“Porque
hoje é Sábado”…
Comecemos
com Vinicius de Morais para abrir o Livro que em cada fim de semana nos é
proposto, com sabor a narrativa bíblica de longo alcance didáctico. Juntemos a
esta rampa introdutória a tendência inata no psiquismo humano de transmutar a
realidade em diversos cambiantes conforme o ambiente e a circunstância,
tendência esta mais notória na interpretação dos mitos e na estratégia das
religiões, de que é caso paradigmático a mitologia greco-romana quando, por
exemplo, representa o deus Jano com duas caras (e, nalgumas versões, com
quatro) por ser ele mesmo a divindade das mudanças ocorridas no mundo.
Mas
não de Jano que me ocupo. É de algo mais difuso e confuso, como seja a dupla crença
em que navegam, arrastam-se, vegetam ou hibernam os povos. Tomemos os textos de
hoje:
No
Livro do Êxodo e em toda a literatura judaica, o Autor formal e material de
toda a história do povo hebreu tem um nome – Iahveh, Deus.

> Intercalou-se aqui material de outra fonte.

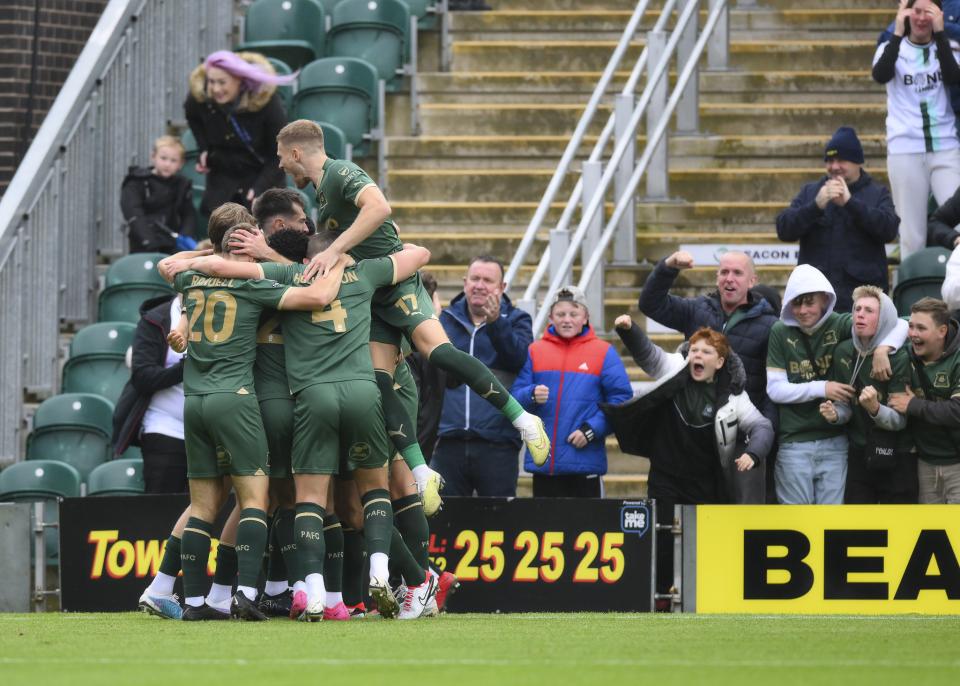 Gallery | Huddersfield Town (H)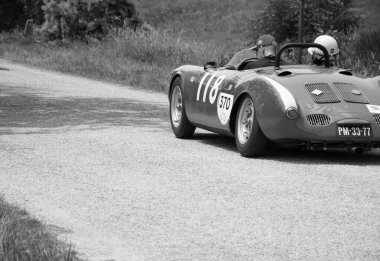 URBINO - İtalyan- 16 Haziran 2022: PORSCHE 550 SPYDER RS 1955 Mille Miglia 2022 rallisindeki eski bir yarış arabası hakkında ünlü İtalyan tarihi yarışı (1927-1957)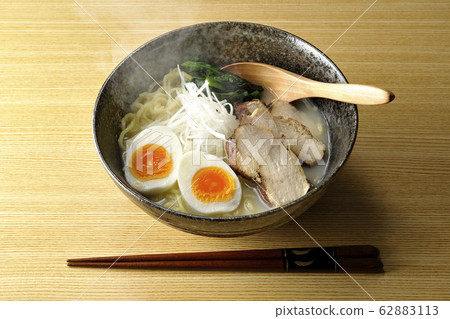 Eat Shirayu noodles 62883113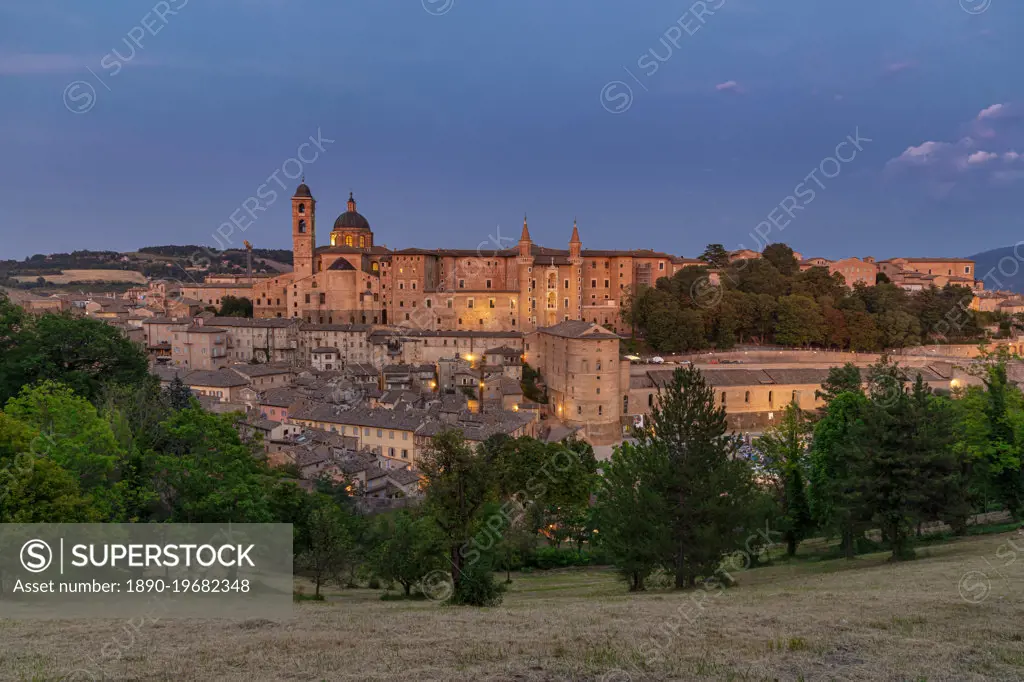 The historic centre of Urbino at sunset, Palazzo Ducale di Urbino, UNESCO World Heritage Site, Urbino, Marche, Italy, Europe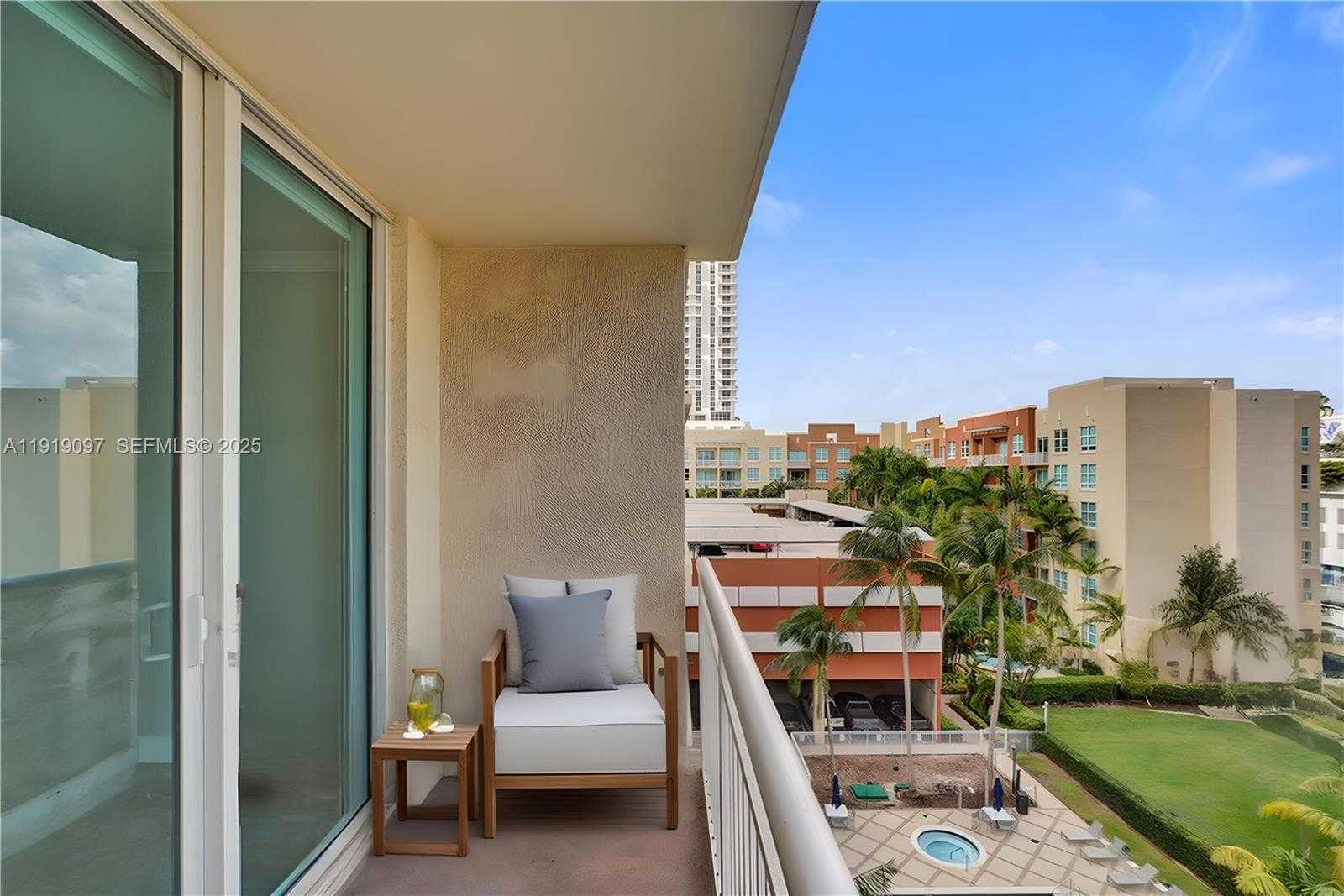 Small Image of 2000 NORTH BAYSHORE DR #605, Miami Number 8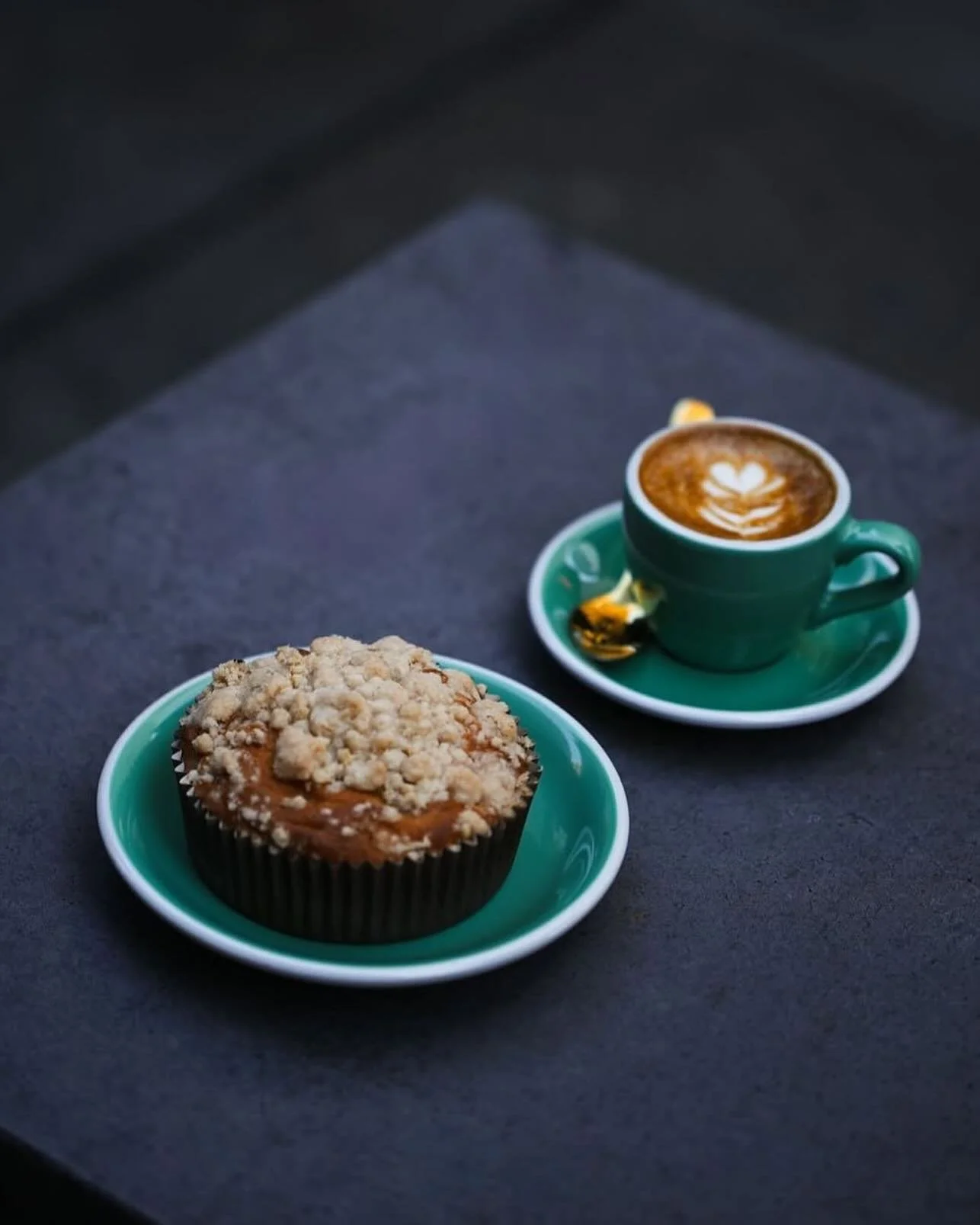 @nicecoffeeco with the beautiful photos!!! [Gluten Free] apple 🍎 cinnamon strues coffee cake bc fall is en route hopefully! Find it and others @nicecoffeeco DTLA but sadly no longer @carlasfreshmarket 💞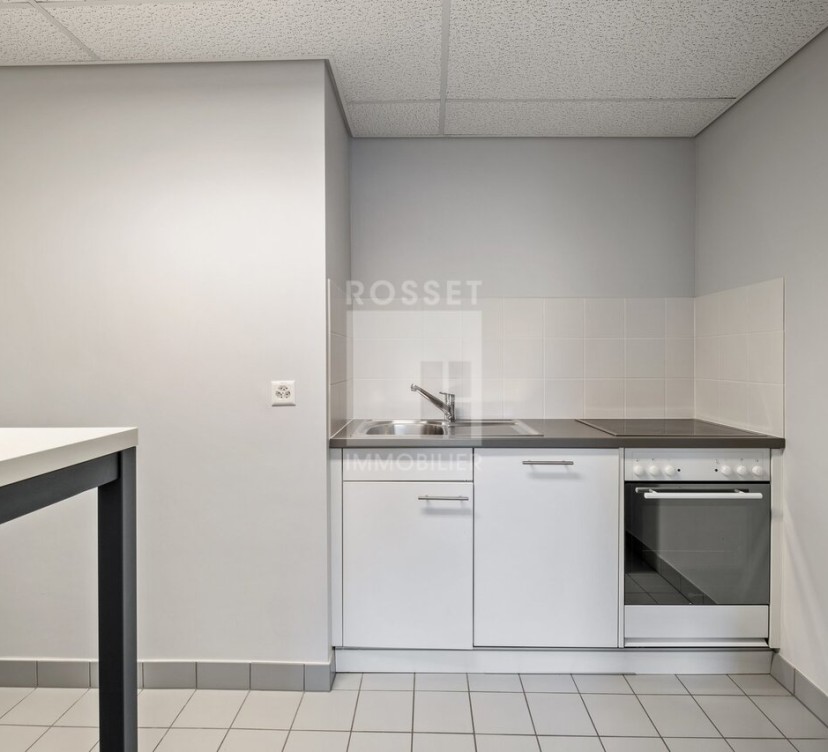 240.6 m2 - Bureaux au 1er étage240.6 m2 - Offices on the 1st floor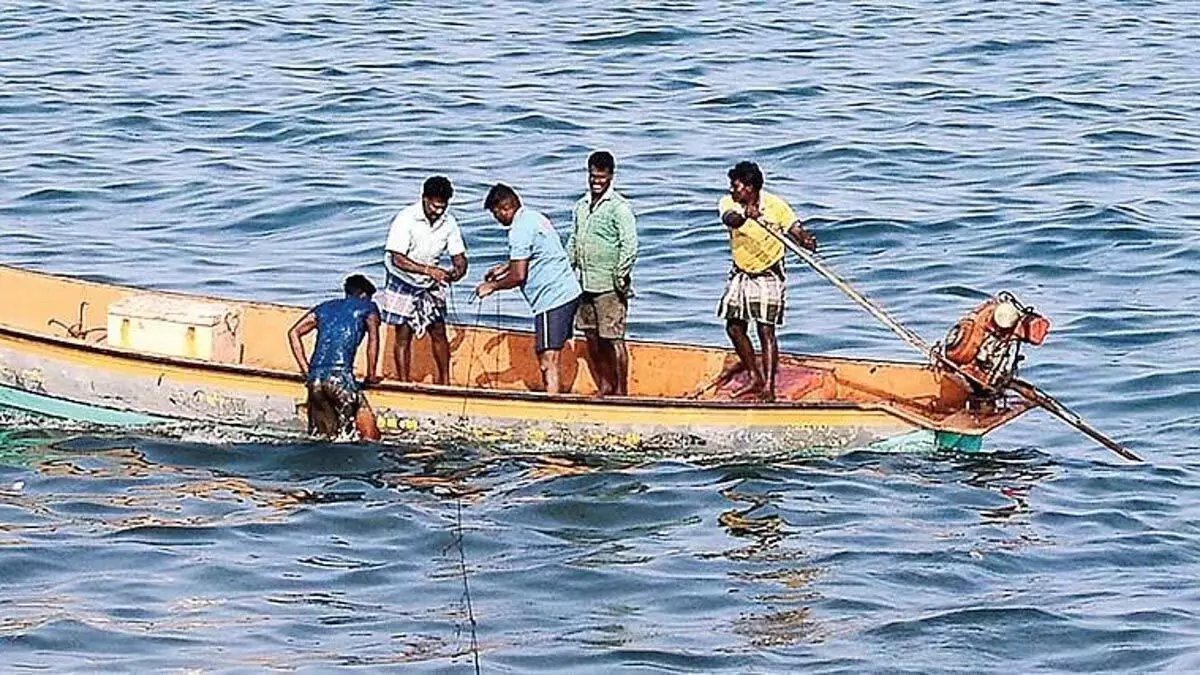 कांग्रेस, मछुआरों ने मस्कट में फंसे मछुआरों को बचाने के लिए तमिलनाडु सरकार पर दबाव डाला
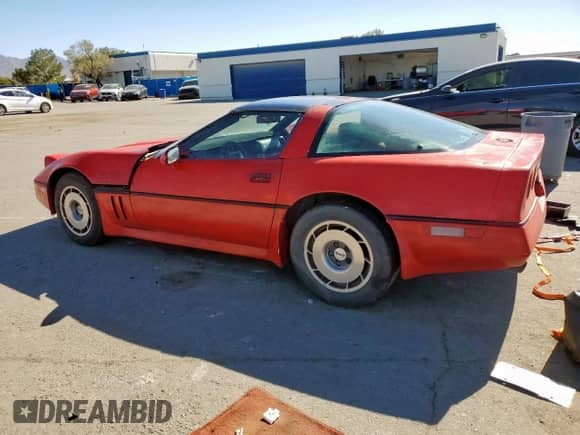 1985 Chevrolet Corvette with VIN 1G1YY0784F5126213, listed as a Copart auction lot 90939905 with 92,350 mi miles and Clean title. Bid and sale history available at DreamBid. Image 2.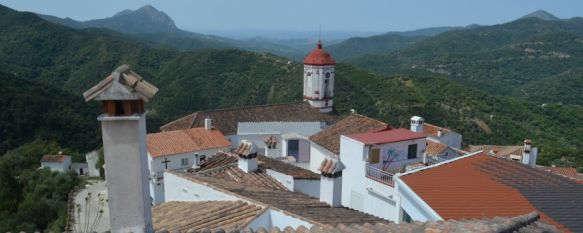 Pueblos de la Serranía de Ronda condenados a la exclusión financiera, De los 22 municipios de la provincia sin cajero automático, 15 pertenecen a la comarca y sus vecinos se ven obligados a trasladarse al pueblo más cercano para realizar trámites bancarios, 11 Dec 2019 - 19:53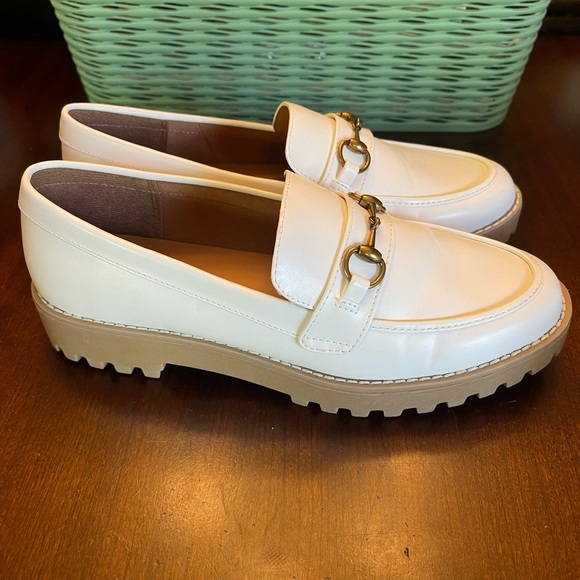 A New Day Danica White Platform Loafers Chunky Sole Shoe - Picture 3 of 8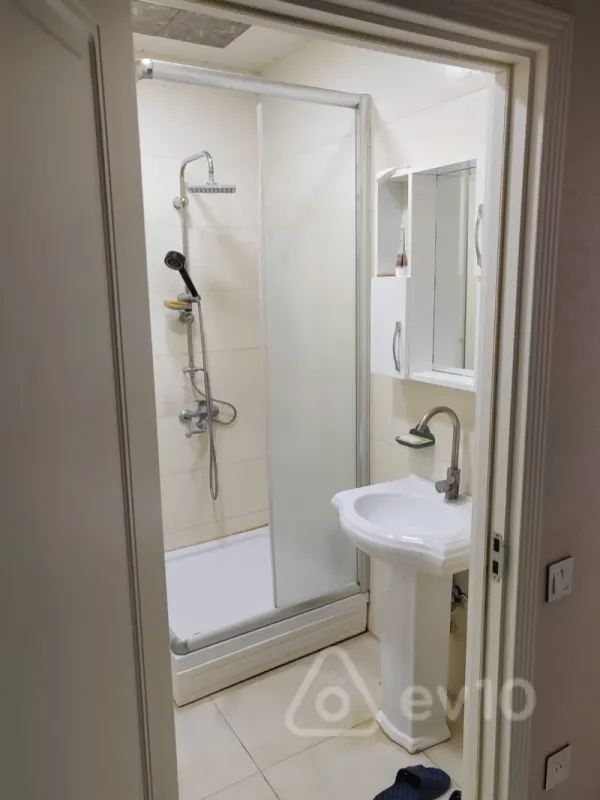 Kirayə verilir 1 otaqlı yeni tikili 40 m²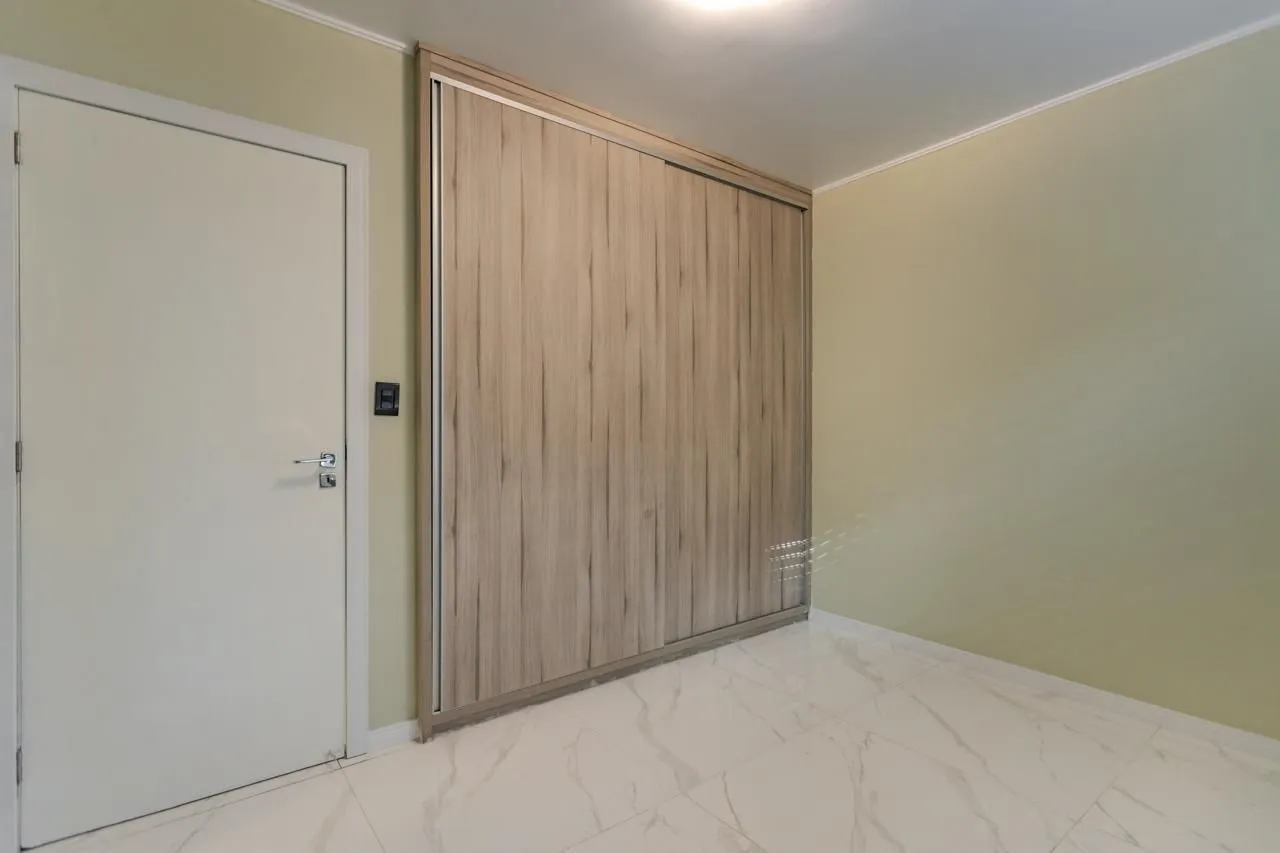 Imagem Casa de 3 dormitórios á venda no Jardim Lindóia em Porto Alegre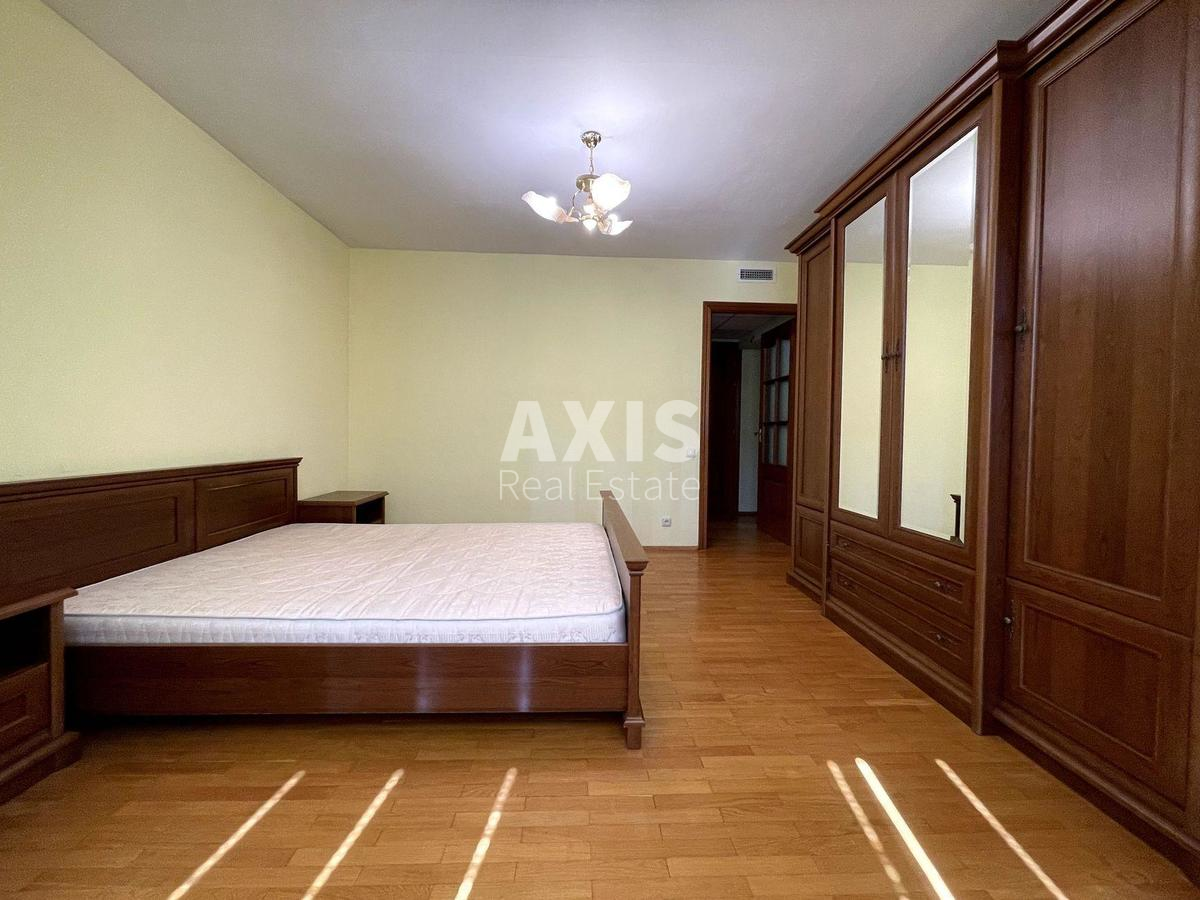 3к квартира ул. Антоновича 884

Ele é que comanda as
tropas, Ele é que abre estradas no mar, ele é que põe e depõe os líderes, os
reis, faz e desfaz as instituições e as leis. O homem, “saído das Suas mãos”
fica inelutavelmente prisioneiro autómato nas mesmas mãos. Faça sol ou chuva,
haja sucesso ou prejuízo na agricultura, na economia, na saúde, “isso é tudo
com Ele, Todo Poderoso”.
E
assim se desensinou um povo, assim se alienaram gerações futuras, assim ficou a
história manietada, inamovível, sob o bastão inflexível de Iahveh. Até hoje.
Mas
não é assim que está escrito em Êxodo (3,1-8).
Bem ao contrário! Na sua visão patriótica e angustiante (a escravatura a que o
seu povo estava condenado durante 40 anos), ouviu Iahveh partilhar da mesma
angústia e da mesma indignação. Mas não foi Iahveh quem liderou a oposição
radical contra o Faraó. Mandou Moisés no seu lugar. A guia de marcha foi
peremptória, inapelável: “Vai tu, Moisés”! E assim aconteceu.
Neste
mesmo alinhamento de textos, o Livro de
Lucas (Luc. 13, 1-9) não deixa margem
para dúvidas ou pias interpretações. A palavra de ordem é agir, produzir. A inércia
e o quietismo, mesmo que disfarçados de pietismo confessional, ali não têm
lugar. No texto citado, o nosso Líder, o
Mestre, o Nazareno “agricultor” consulta
a figueira que plantou com tanto carinho no seu campo. Consultou-a, dialogou,
deu-lhe todas as liberalidades e nutrientes para poder alimentar-se e produzir
em tempo oportuno. Tudo em vão. Fez nova tentativa. Sem sucesso, outra vez..
Resultado: cortá-la pela raiz.
Aqui
ficam, em síntese, as duas caras com que os homens pintam o rosto invisível da
sua crença e que deixam marcas decisivas na mentalidade e na conduta das
sociedades. Como nos mais remotos lugarejos, também em certos ambientes de
cidade, ainda persiste o vírus hipócrita dos ”deseducadores” do povo crente,
anestesiando-o com devoções vazias, cortejos processionais de nítidos contornos
populistas, afim de travar qualquer tentativa mínima de alterar o “status quo” paralisante,
não só na esfera dita religiosa mas em todo o tecido sócio-económico e
político.
Não
é esse, porém, o pensamento dos genuínos cultores da espiritualidade que fazem
da ideia a matriz da sua acção dinâmica e consequente. Assim os construtores da
história, com Cristo-Líder na vanguarda. Não peçam ao Senhor Deus a paz – peçam-na
aos imperadores do mundo. Não rezem a Deus por justiça – exijam-na aos legisladores,
aos juízes e aos “donos-disto-tudo”. Não
acendam velas estéreis contra a violência doméstica – ensinem as famílias,
proporcionem condições dignas,, curem as neuroses, punam os criminosos.
Enfim,
não arranjemos mais deuses nem máscaras para eles. Basta-nos o olhar vigoroso e
terno do Mestre que hoje nos fala em Lucas (13,1-9)
aquele Nazareno “de um só rosto e de uma só fé/ De antes quebrar que torcer”! (Sá de Miranda).